Pues bien, el tema que aquí me ocupa es el principio de legalidad consagrado en el artículo 16 constitucional, sin esta garantía no es posible la defensa de los derechos humanos. Y, además, sin el cumplimiento de este principio no es posible justificar racionalmente el acto de autoridad, el cual, como se establece en el primer párrafo del artículo en comento, debe ser fundado y motivado por autoridad competente; por tanto, tampoco puede haber garantía de seguridad jurídica.
Hay algo más, tampoco puede cumplirse dicho principio si, en los casos en los que el legislador no usa las palabras precisas en el enunciado normativo, sea por error o de manera intencional, el juez no interpreta correctamente la ley. Y aquí puede haber una serie de trampas, entre otras, en la tradición jurídica prevalece el principio de que lo claro no necesita interpretación (In claris non fit interpretatio), lo que significa que, sin considerar el contexto en el cual se ha de aplicar la ley, cuando el texto de la ley es claro e inequívoco, no se debe hacer ninguna interpretación, más que la que declare la composición de la letra.
Al anterior principio se opone el de la hermenéutica filosófica, conocida también como nueva hermenéutica, la cual, no obstante que comenzó a construirse a principios del siglo XIX y su nacimiento se produjo en 1960 con la obra Verdad y método de Hans-Georg Gadamer, todavía no llega a las escuelas de derecho. Dice así: “El arte de la interpretación no consiste en atenerse a lo que se dijo, sino a lo que se quiso decir”. Por supuesto, en esta hermenéutica no hay posibilidad de interpretación sin que sea el contexto el que determine el sentido del texto.

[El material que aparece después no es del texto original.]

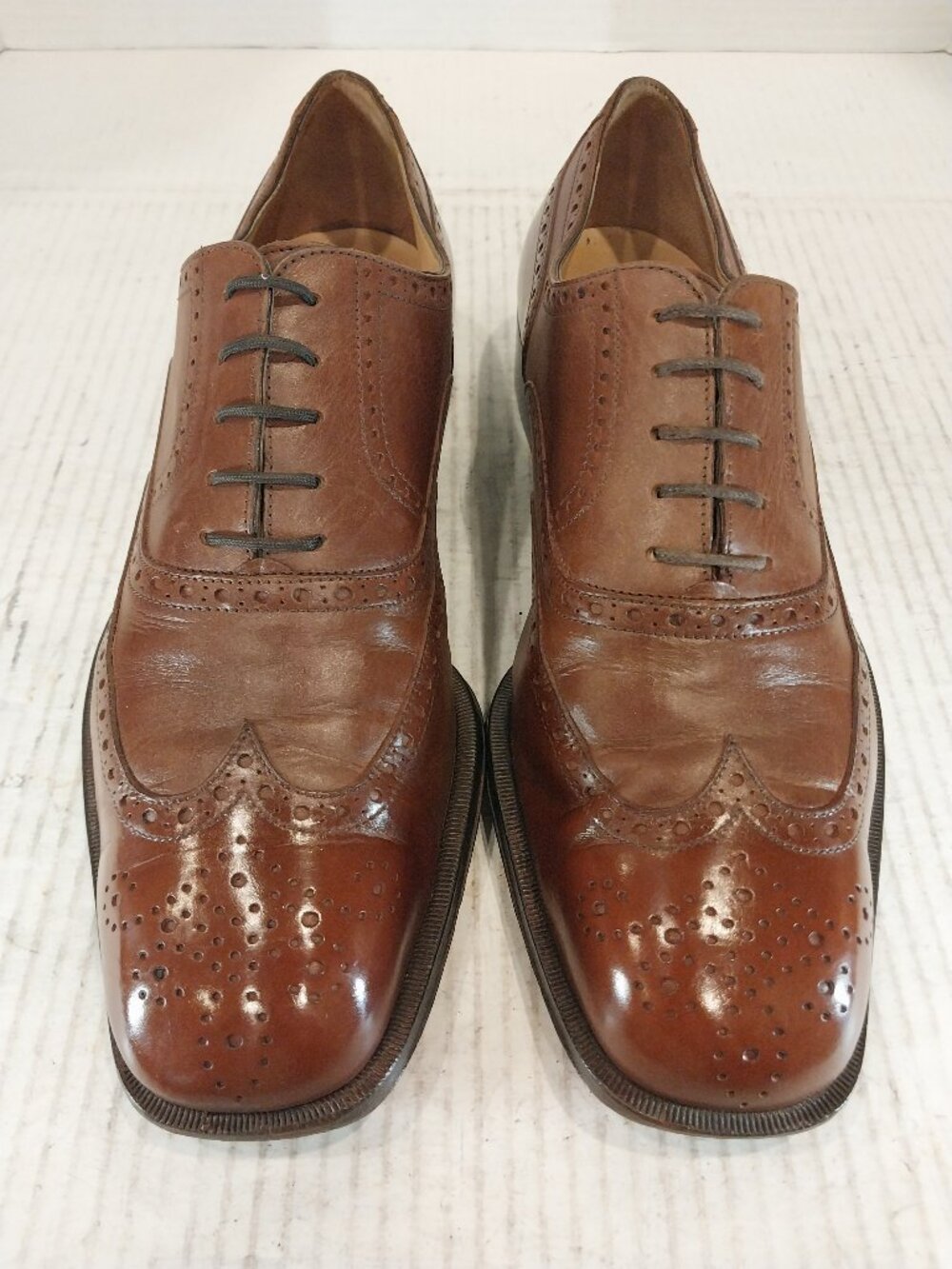 BALLY men's (SAVE $1100) size 9.5 EEE brown Oxford.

Sin agotar el tema de esta normativa, ya para finalizar, quisiera referirme nuevamente a la resolución de la SCJN en la contradicción de tesis 410/2011, en la que, en un texto de 142 páginas, se resuelve que debe prevalecer el criterio de la Segunda Sala con carácter de jurisprudencia, en el sentido de que el objetivo de acto de molestia no es la privación de un derecho, o afectación de un derecho, “sino que se trata de una medida preventiva, con la intención de proteger algún derecho o bien jurídico, es decir, se trata de una medida cautelar con el objetivo de evitar la afectación de un bien jurídico o proteger algún derecho”.

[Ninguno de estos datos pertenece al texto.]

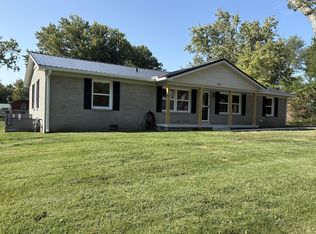 410 Crossfield Dr, Tullahoma, TN 37388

¿A cuántos justiciables se habrá afectado sus derechos humanos debido al uso del término «molestar» en el primer párrafo del artículo 16, en vez del término «afectar», y debido también a una incorrecta interpretación de la ley, sea por error o de manera intencional? Un dato importante: el artículo 16 se ha reformado 8 veces, y los legisladores nunca han visto este error.